• Study material:
◇ ◇ ◇ ◇ ◇
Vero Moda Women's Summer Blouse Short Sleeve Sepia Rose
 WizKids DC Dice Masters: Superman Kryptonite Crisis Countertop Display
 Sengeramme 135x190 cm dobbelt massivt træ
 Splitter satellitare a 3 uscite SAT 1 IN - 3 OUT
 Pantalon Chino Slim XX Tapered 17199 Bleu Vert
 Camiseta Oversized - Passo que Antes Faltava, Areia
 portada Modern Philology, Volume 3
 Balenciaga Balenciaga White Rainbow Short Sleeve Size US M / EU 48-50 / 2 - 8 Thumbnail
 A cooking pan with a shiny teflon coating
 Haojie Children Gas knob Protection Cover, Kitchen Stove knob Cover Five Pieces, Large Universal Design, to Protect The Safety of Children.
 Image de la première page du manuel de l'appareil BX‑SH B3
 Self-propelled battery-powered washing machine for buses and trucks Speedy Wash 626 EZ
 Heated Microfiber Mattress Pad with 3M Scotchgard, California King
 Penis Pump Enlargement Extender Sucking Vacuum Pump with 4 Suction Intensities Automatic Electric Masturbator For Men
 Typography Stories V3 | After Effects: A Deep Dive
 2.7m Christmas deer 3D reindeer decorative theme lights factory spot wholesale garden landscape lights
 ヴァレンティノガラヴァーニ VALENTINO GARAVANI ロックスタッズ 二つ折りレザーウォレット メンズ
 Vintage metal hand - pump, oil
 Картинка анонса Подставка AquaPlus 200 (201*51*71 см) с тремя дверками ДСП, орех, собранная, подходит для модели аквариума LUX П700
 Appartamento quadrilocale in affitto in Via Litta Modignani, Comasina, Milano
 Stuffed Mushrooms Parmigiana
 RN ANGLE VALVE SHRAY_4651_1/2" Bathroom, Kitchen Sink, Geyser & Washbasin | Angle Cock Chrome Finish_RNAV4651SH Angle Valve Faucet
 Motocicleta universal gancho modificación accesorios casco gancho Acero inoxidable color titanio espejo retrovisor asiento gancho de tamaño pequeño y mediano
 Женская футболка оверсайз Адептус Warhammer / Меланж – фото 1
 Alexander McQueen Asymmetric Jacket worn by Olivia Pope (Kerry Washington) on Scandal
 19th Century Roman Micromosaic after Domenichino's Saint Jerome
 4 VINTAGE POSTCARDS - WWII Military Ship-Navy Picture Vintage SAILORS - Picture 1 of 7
◇ ◇ ◇ ◇ ◇
• Problem to solve: Extract exactly and only the lines above from the line containing "Haojie Children Gas" through the line containing "RN ANGLE VALVE", both end lines included.

• Result of the exercise:
 Haojie Children Gas knob Protection Cover, Kitchen Stove knob Cover Five Pieces, Large Universal Design, to Protect The Safety of Children.
 Image de la première page du manuel de l'appareil BX‑SH B3
 Self-propelled battery-powered washing machine for buses and trucks Speedy Wash 626 EZ
 Heated Microfiber Mattress Pad with 3M Scotchgard, California King
 Penis Pump Enlargement Extender Sucking Vacuum Pump with 4 Suction Intensities Automatic Electric Masturbator For Men
 Typography Stories V3 | After Effects: A Deep Dive
 2.7m Christmas deer 3D reindeer decorative theme lights factory spot wholesale garden landscape lights
 ヴァレンティノガラヴァーニ VALENTINO GARAVANI ロックスタッズ 二つ折りレザーウォレット メンズ
 Vintage metal hand - pump, oil
 Картинка анонса Подставка AquaPlus 200 (201*51*71 см) с тремя дверками ДСП, орех, собранная, подходит для модели аквариума LUX П700
 Appartamento quadrilocale in affitto in Via Litta Modignani, Comasina, Milano
 Stuffed Mushrooms Parmigiana
 RN ANGLE VALVE SHRAY_4651_1/2" Bathroom, Kitchen Sink, Geyser & Washbasin | Angle Cock Chrome Finish_RNAV4651SH Angle Valve Faucet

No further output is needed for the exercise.